“Bad Hombres” Only? Ninth Circuit Federal Judge Slams Deportation Process.
Last week, the Ninth Circuit reviewed a petition for a stay of deportation for Magana Ortiz, an undocumented immigrant. While unable to stop the deportation, Judge Stephen Reinhart used a concurring opinion to blast the deportation as “inhumane,” and gave a heads-up to all hombres—good and bad—to review their immigration status in the United States now.
Magana entered the United States nearly 30 years ago, when he was fifteen. He has long been married to a U.S. Citizen and was on the path to legal status, waiting only for the completion of a separate immigration process that has been slow to proceed because of an overflow of applications. He is a tax-paying father of three children, and has become a respected businessman in Hawaii, specifically in the coffee farming industry. For years, Magana “worked with the United States Department of Agriculture in researching the pests afflicting Hawaii’s coffee crop, and even let the United States government use his farm, without charge, to conduct a five-year study.”
Judge Reinhart wrote that the very deportation “was not the necessary result,” because Magana was “currently attempting to obtain legal status on the basis of his wife’s and children’s citizenship, a process that is well underway.” It did not matter, though. Magana did not move fast enough.

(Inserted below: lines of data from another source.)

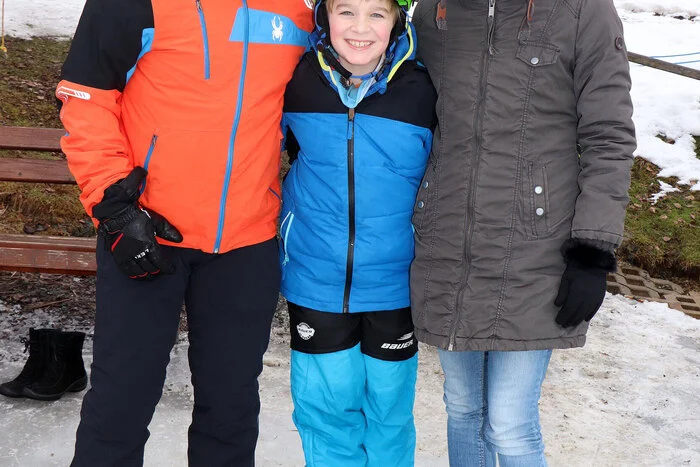 Extra aus Wolfsberg sind Forstplanzenunternehmer Armin Feldbacher und Claudia Scheucher mit ihrem Sohn Lorenz Scheucher (8 Jahre) angereist um Eiszulaufen.  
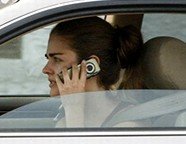 Un juez anula una multa por conducir utilizando el móvil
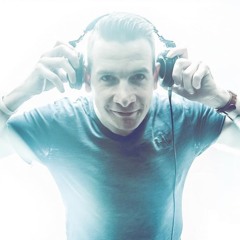 Michael More " This is Retro 6 "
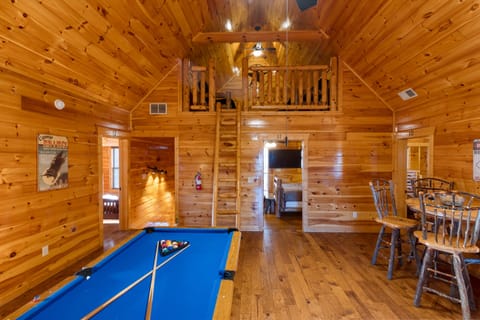 Game room connected with loft.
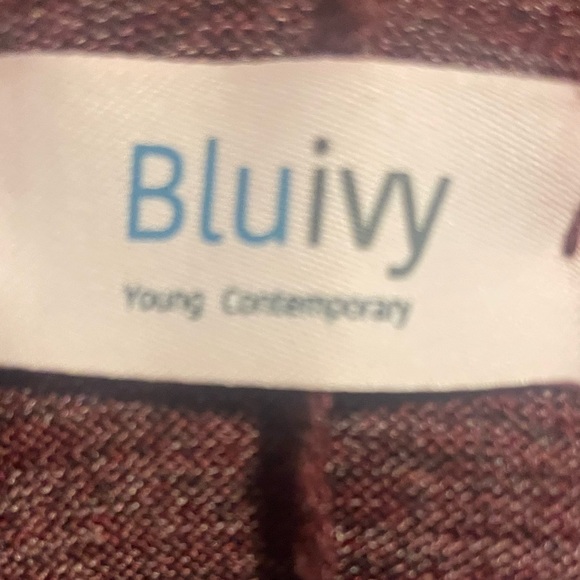 Bluivy CrissCross Front Top - Picture 3 of 3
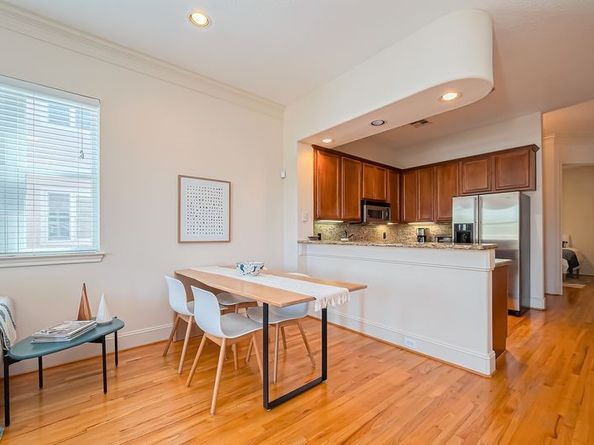 58 Briar Hollow Lane 303, Houston TX 77027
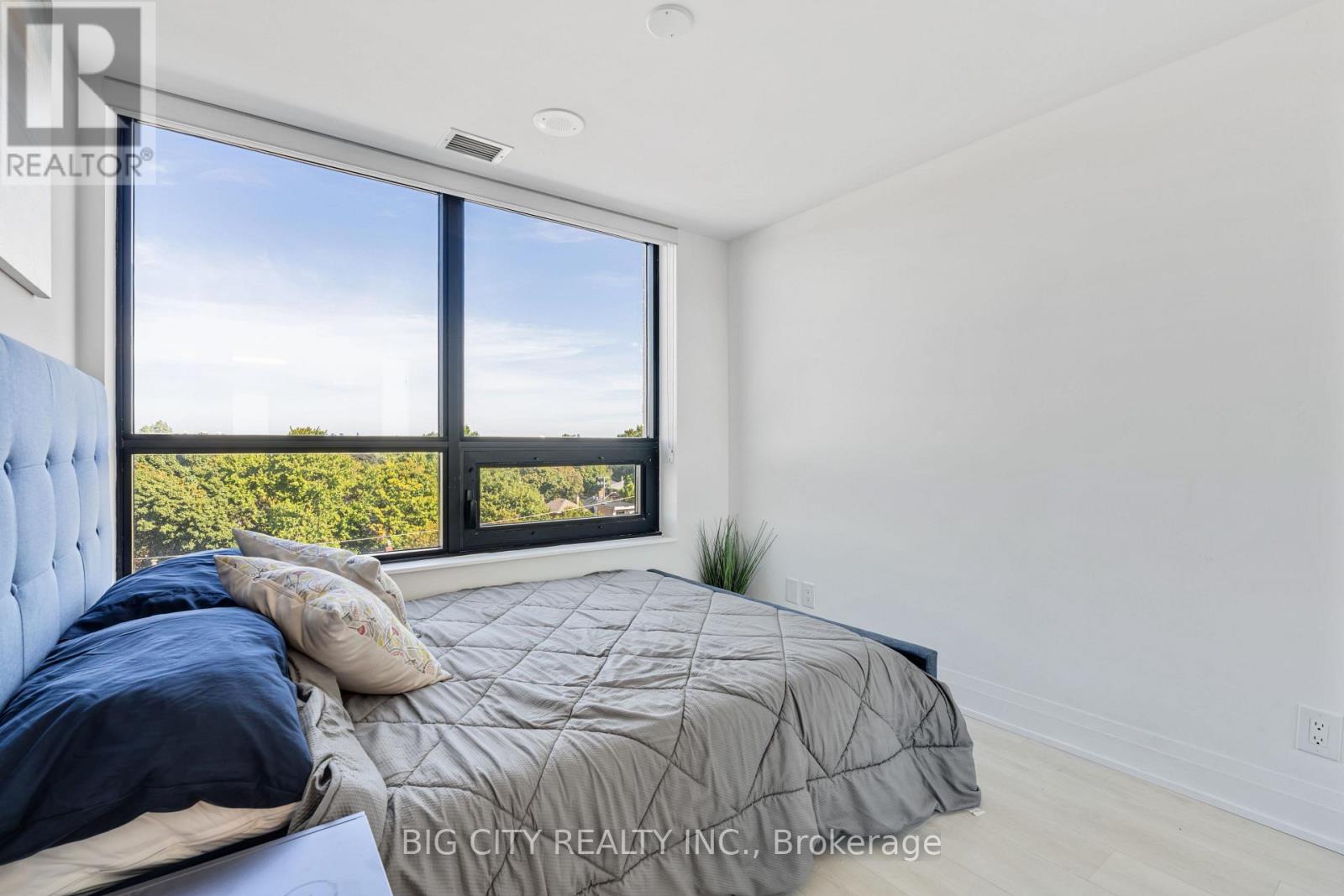 Photo 15 of 523 33 Frederick Todd Way, Toronto ON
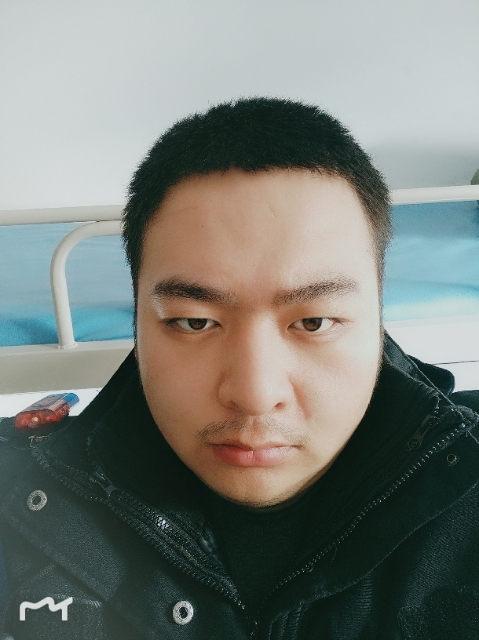 负重前行的第一张照片--信阳相亲服务中心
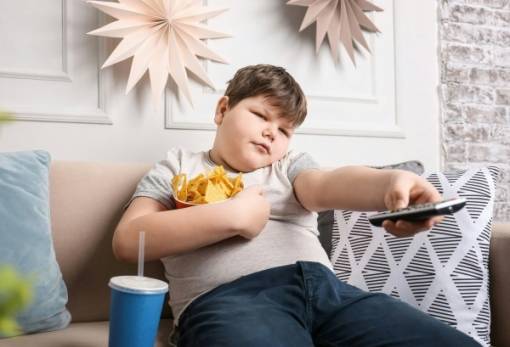 Παιδική παχυσαρκία: «Καμπανάκι» για την Ελλάδα από τον Παγκόσμιο Οργανισμό Υγείας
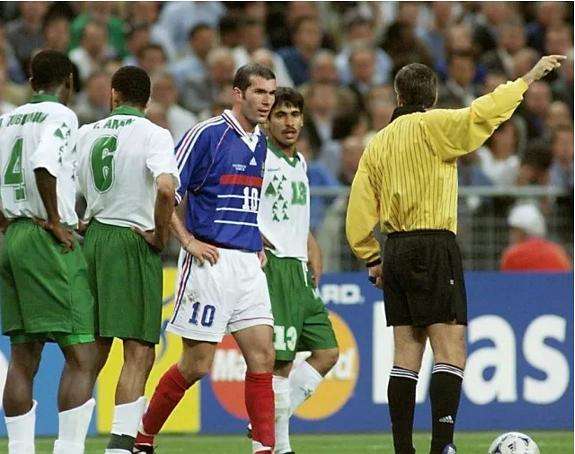 包含泰国球队客场对决沙特豪强，谁能笑到最后？的词条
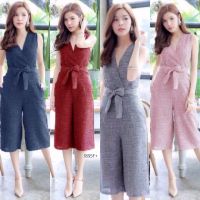 ME1895 Jumpsuit ทรง 5 ส่วน คอวีไขว้ งานแพทเทิลดีมากตัดเย็บอย่างดีเลยค่ะ เจาะกระเป๋าล้วง 2 ข้าง งานมีวิปหลัง เอวยืดสม็อคหลัง ที่เอวเย็บเชือกยาวติดไว้สำหรับผูกโบว์สวยๆ งานผ้าสลาฟ ลุคดูผู้ดีเรียบร้อยสวยหรูไฮโซ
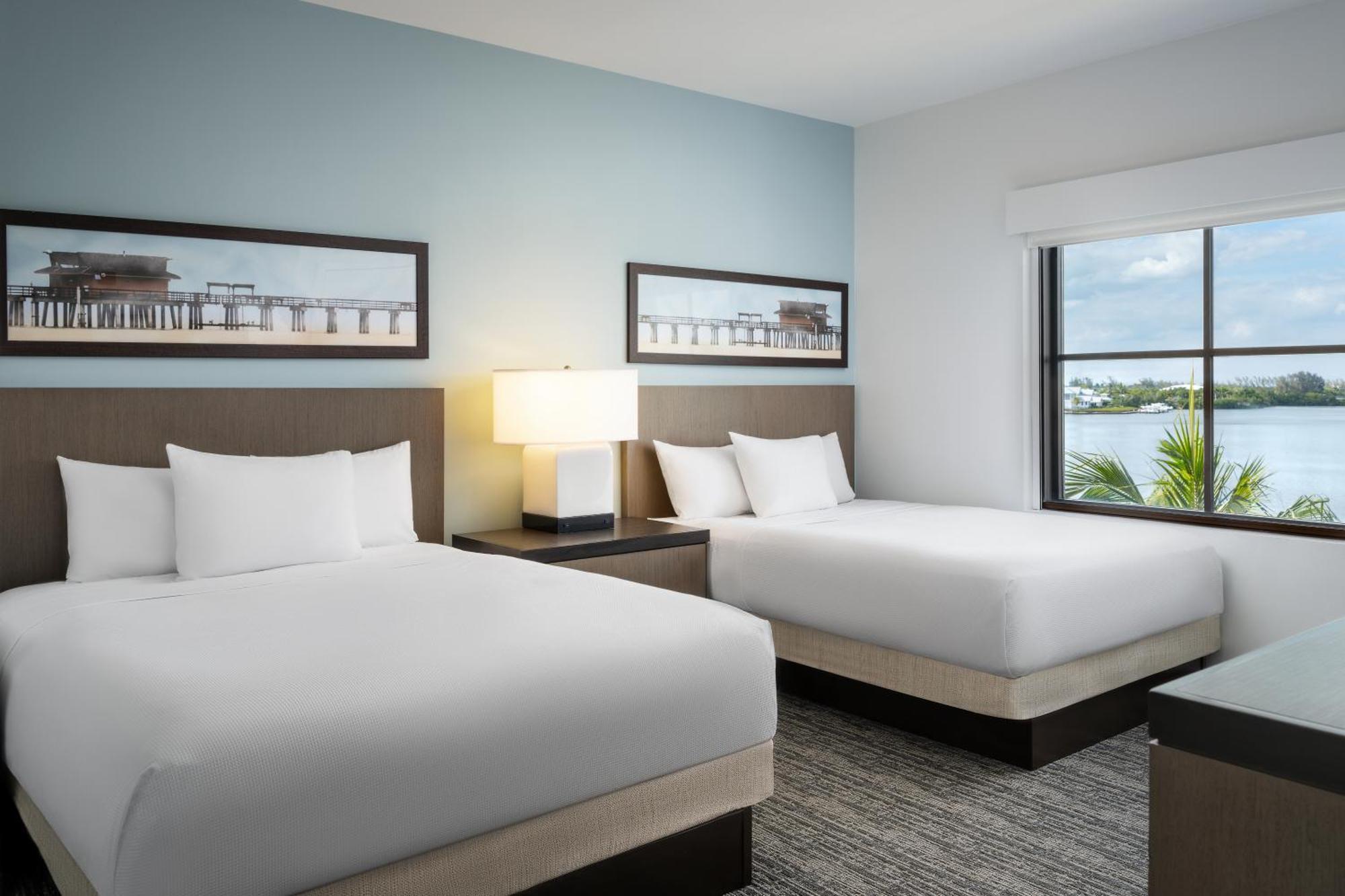 Hyatt House Naples 5Th Avenue Hotel Bagian luar foto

Unable to stop Magana’s deportation, an obviously conflicted Judge Reinhart wrote that the deportation “is contrary to the values of this nation and its legal system.” While morally upset, Judge Reinhart concluded the concurrence in affirming his role as an independent, non-political judge: “Indeed, the government’s decision to remove Magana Ortiz diminishes not only our country but our courts, which are supposedly dedicated to the pursuit of justice . . . I concur as a judge, but as a citizen I do not.”